DIRECTIONS FOR THIS TASK =
What you return must be the lines from the first one below through the one containing "Painted Oils Across the Dragon Hemp Painted", exactly and with pictures excluded.
[[ DATA, beginning ]]
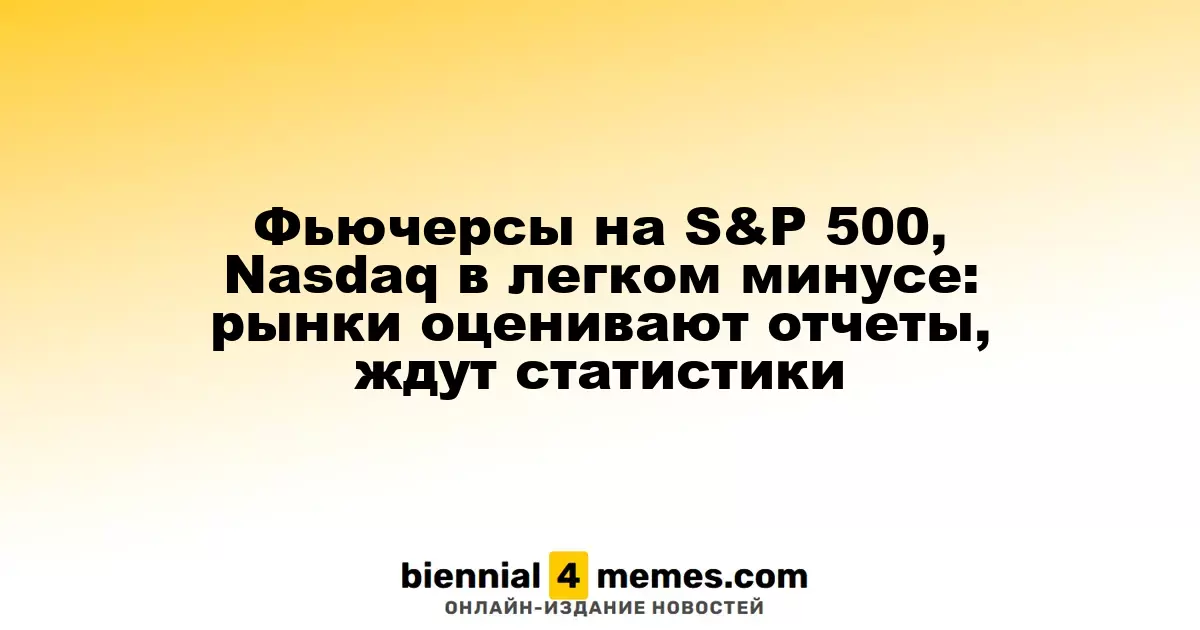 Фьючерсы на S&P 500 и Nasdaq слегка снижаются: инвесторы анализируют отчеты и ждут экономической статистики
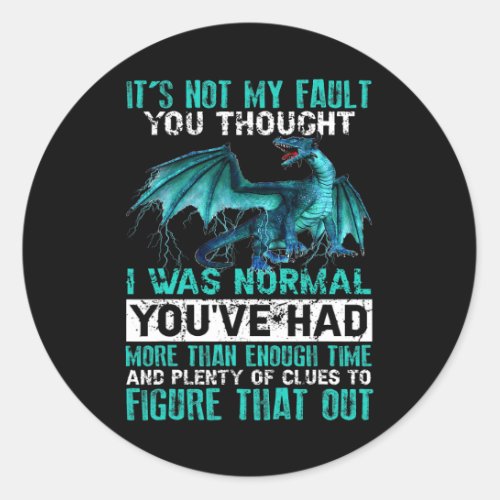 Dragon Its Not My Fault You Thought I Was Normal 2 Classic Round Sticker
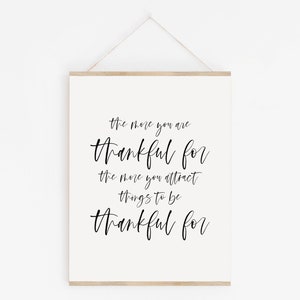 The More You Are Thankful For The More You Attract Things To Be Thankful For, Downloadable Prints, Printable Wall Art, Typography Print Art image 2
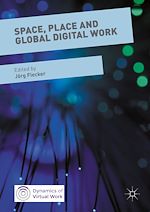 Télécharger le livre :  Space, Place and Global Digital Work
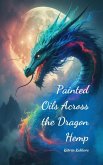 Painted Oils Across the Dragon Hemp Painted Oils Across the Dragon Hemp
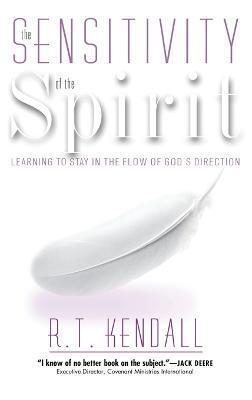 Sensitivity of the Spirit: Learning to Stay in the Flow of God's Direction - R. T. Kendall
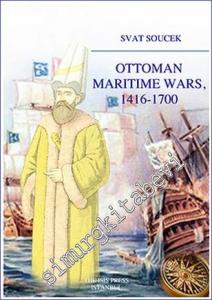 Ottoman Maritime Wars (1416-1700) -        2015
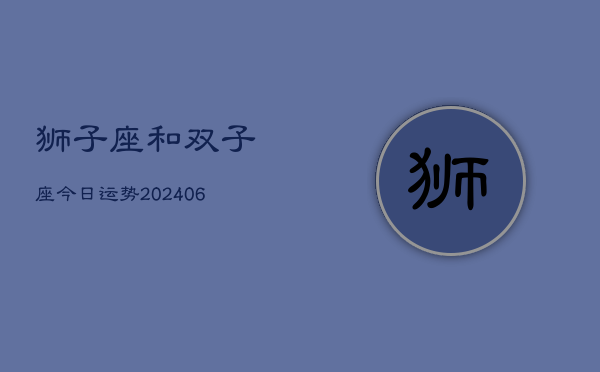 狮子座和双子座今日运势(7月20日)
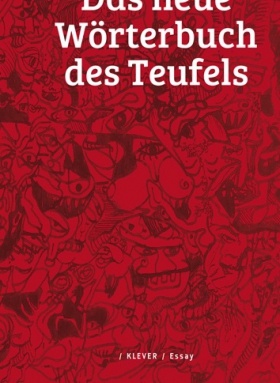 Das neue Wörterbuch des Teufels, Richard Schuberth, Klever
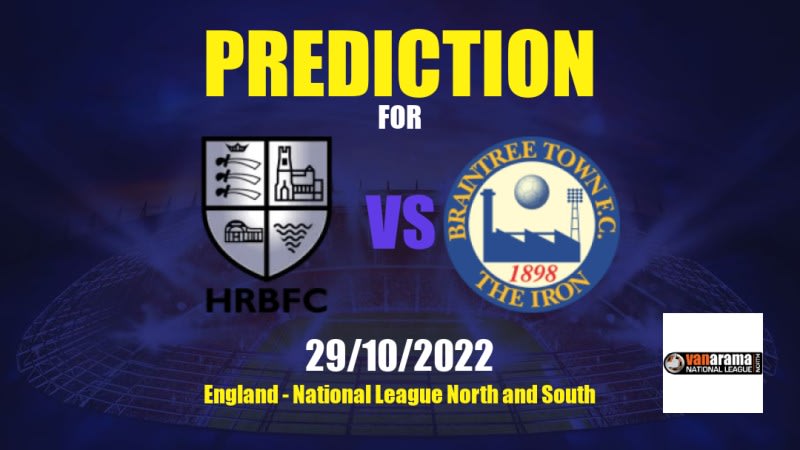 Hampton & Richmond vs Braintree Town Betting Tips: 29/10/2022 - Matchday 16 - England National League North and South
[[ DATA, end ]]
SOLUTION BELOW =
 Фьючерсы на S&P 500 и Nasdaq слегка снижаются: инвесторы анализируют отчеты и ждут экономической статистики
 Dragon Its Not My Fault You Thought I Was Normal 2 Classic Round Sticker
 The More You Are Thankful For The More You Attract Things To Be Thankful For, Downloadable Prints, Printable Wall Art, Typography Print Art image 2
 Télécharger le livre :  Space, Place and Global Digital Work
 Painted Oils Across the Dragon Hemp Painted Oils Across the Dragon Hemp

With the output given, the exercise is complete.